Lady Gaga
Chromatica
Streamline/Interscope/Universal (29.5.)
Die größte lebende Popstar-Figura enttäuscht mit Eurodance von der Stange.
Wenn ein Megastar ein neues Album macht, in dem es auch um Traumata infolge einer Vergewaltigung geht, hat die Musikkritik mindestens ein Problem: Wird man auf Autopilot zum Claqueur mit Pokerface, weil das Thema so mutig und wichtig ist und sich dadurch jede Kritik automatisch verbietet? Dann wäre der Text hiermit beendet. Oder setzt man bei einer der wichtigsten Stimmen im Pop dann doch andere Maßstäbe als bei einer x-beliebigen Bastelgruppe mit angeschlossener Gruppentherapiesitzung an – und nimmt Lady Gaga nicht nur als Mensch, sondern auch als Künstlerin ernst?

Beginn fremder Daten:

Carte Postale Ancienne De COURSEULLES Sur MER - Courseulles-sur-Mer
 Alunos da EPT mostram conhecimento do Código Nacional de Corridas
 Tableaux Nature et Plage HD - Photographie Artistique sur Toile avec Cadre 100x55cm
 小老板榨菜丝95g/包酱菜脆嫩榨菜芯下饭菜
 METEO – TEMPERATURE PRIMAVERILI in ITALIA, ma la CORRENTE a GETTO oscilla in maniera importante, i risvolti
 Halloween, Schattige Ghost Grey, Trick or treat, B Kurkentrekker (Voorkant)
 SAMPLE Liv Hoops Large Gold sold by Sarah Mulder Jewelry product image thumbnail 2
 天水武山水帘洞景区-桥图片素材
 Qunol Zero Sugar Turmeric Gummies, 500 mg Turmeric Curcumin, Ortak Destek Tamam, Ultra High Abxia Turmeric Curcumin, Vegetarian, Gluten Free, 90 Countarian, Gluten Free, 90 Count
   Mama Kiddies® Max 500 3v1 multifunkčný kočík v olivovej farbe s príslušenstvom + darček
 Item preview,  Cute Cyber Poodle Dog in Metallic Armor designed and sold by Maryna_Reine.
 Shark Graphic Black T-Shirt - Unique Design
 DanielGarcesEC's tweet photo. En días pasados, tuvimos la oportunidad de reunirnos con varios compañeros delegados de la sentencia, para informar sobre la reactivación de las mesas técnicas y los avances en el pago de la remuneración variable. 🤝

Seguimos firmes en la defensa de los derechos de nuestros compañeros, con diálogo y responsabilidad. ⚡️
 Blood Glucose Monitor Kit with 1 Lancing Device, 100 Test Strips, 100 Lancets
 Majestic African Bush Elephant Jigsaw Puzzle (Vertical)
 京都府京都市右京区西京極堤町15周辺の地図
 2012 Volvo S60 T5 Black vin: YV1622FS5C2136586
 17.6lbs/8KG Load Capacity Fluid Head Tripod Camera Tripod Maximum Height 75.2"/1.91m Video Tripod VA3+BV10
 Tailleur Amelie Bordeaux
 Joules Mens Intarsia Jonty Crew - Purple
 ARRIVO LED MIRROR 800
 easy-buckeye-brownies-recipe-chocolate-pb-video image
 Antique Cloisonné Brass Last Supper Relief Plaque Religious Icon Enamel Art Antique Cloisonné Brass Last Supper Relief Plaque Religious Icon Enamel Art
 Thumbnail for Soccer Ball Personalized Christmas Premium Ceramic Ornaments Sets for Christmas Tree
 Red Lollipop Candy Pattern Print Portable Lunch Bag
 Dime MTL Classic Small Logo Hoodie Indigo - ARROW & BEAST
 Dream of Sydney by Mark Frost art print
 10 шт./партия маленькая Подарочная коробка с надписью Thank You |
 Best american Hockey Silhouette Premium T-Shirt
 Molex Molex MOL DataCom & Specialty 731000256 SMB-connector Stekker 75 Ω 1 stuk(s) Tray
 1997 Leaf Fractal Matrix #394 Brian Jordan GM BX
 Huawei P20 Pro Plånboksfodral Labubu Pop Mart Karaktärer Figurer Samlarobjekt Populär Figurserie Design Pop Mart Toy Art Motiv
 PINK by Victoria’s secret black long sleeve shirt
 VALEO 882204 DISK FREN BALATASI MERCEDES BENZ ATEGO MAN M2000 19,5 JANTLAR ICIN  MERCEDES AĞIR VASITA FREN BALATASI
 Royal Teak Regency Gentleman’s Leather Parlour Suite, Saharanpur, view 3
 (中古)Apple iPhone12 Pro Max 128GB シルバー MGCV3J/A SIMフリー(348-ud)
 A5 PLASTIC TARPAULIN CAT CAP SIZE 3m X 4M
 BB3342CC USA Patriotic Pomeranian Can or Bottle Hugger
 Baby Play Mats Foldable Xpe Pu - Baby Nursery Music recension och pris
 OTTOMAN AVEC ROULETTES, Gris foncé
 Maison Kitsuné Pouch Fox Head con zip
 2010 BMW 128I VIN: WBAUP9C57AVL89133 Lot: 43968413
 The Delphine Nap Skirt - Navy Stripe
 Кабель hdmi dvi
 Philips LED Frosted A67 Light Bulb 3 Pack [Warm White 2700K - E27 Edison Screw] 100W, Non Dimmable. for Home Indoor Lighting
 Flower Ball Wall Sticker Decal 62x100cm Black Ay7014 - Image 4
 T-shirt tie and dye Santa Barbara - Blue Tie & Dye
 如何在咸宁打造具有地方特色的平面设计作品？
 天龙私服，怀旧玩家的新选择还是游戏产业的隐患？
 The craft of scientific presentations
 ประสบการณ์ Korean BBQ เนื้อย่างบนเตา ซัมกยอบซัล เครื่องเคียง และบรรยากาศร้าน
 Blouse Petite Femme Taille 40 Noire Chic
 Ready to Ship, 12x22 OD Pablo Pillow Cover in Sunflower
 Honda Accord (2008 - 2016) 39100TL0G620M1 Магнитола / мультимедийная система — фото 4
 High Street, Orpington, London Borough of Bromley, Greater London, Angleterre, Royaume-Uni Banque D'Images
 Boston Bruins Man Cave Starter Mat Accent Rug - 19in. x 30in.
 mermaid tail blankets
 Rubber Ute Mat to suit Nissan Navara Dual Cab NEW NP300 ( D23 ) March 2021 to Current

AmazonDenn dann wäre die entscheidende Frage ja nicht nur „Ist das Thema relevant?“, sondern: Überzeugt die künstlerische Form? Und das tut sie leider nicht. Lady Gaga ballert einen auf ihrem sechsten Studioalbum zu mit 90s-Autoscooter-Trash dritter Güteklasse. Und dabei war es wahrscheinlich, frei nach Dolly Partons Devise, verdammt teuer, so billig zu wirken: Ein Dutzend Produzenten hat Lady Gaga engagiert, damit letztlich etwas dabei rauskommt, das niemals derart bejubelt werden würde, wenn es nicht zufällig – oder besser gesagt: wohlkalkuliert – den Markenstempel Gaga tragen würde: Mit ihrem an queere Traditionen anknüpfenden Disco-House und ihrer empowernden Art, die einem zugesteht, „born this way“ und voll okay und liebenswert zu sein, ist die Lady in den frühen 10er-Jahren zu einer Ikone geworden.
Doch anders als von ihr selbst seit Jahren angekündigt, hat sich Lady Gaga leider keineswegs als Songwriterin weiterentwickelt. Der halbgare Versuch davon auf dem Vorgängeralbum JOANNE (2016) war ein faules Kompromiss-Konglomerat aus einerseits „die alten Fans nicht verprellen“ und andererseits mit Father John Misty „Country- Folk“ zu machen. So besehen ist CHROMATICA in sich sogar stimmiger, weil, bis auf die drei wannabe-arty Streicherminiaturen-Interludes, durch und durch Disco von der Stange, dem aber die Magie der ersten Alben fehlt.
Zwei oder höchstens vier Takte kurze Hooks werden nun wohlfeil aneinanderrepetiert, bis es auch die letzte Reihe kapiert hat. Das mag Spaß machen beim Mitkreischen im Club, ist fürs Zuhausehören des kompletten Albums auf der Mittelstrecke aber einfach nur noch nervtötend. Selbst das Duett mit Elton John wirkt schrecklich unorganisch, als hätte man den Sir in den falschen Film ge-copy-pastet. Bei aller Liebe zur Lady: Dieses Album ist nur was für verblendete Fans. Für die Chartsspitze reicht das aber offensichtlich allemal.